Anyway I wish you a good Thanksgiving, a merry Christmas, and a happy new year :)

need to think of a new year's resolution...hmmmmm~

Thursday, November 19, 2009

I guess what I mean to say

...if anyone misunderstood my last post. I was challenging myself to step it up/step up my fighting because we're in a spiritual war. My old man is tryin to get me, but Jesus Christ already freed me. My mind keeps comin back to my old ways, but Jesus Christ encourages me with His way that's not like my old days.

My self offers comfort n false "luxury" n Jesus Christ offers me Truth n freedom...but I gotta fight because I'm living temporarily in a world that offers me no good.

Self is the bottom pit within that tries to tap into my heart, but I gotta remind my mind that my heart is the temple in which God lives within as a part of me.

I don't intend to be false n say that I got it all cuz I don't. I don't intend to be false n say I got nuthin cuz Jesus got me.

I wanna be real in this life n fight instead of sleep. I wanna be awake n not be conformed.

To be of one mind and one body; the word UNITY - the way God intended His church to be.

Holdin up my faith as a shield. Speaking truth like swinging a sword against a foe. Walking with guided feet.

I am alive because He died for me. I am able to fight because He rose up for me. I am able to love because He loved me. I am able to continue because He speaks to me...guiding me, training me, encouraging me, n testifying that He is at all times with me.

Wednesday, November 18, 2009

Fighting My Typical Old Man

Wow yea, it's been so long since I last posted...guess i'm not gonna finish my journal of my summer when i went all over europe.

Ok what's new? Well I live in Dallas TX...basically downtown area I guess?? i dunno really, but i go to Dallas Theological Seminary...for how long? Well my major curriculum plan says for 3 years, but I don't plan 3 years in advance. Plans change...maybe Wheaton in Chicago? who knows, but God!
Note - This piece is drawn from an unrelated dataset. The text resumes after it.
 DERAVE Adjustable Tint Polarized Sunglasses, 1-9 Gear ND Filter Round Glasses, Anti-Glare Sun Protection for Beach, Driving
What have I learned? You can only depend on God! Yea yea yea, everybody Christian knows that...well, I knew that. I've always known that, but seeing it up in ur face....bein reality-slapped...or what I call "wisdom-slapped"...yea, she (wisdom) slapped me hard. I guess I just got a deeper revelation of what I knew before.

And that's that. I truly understood a DEEPER and CLOSER relationship with God is supposed to be like. Now i'm not saying to move away from all family n friends. I still believe that there are no such things as a Lone Ranger Christian! but hear what I mean to say.

There are times in life when God leads you to a season of learning...basically, where God disciplines you like any loving Father would do to where ur finally saying, "ooohhhh I get it now." and then get ur act together.

I must say, I've realized how IMmature I was...still am I bet. I have a lot of things to work on. God was saying, "if u wanna be a speaker, u better live what u speak. R u livin what u wanna speak?"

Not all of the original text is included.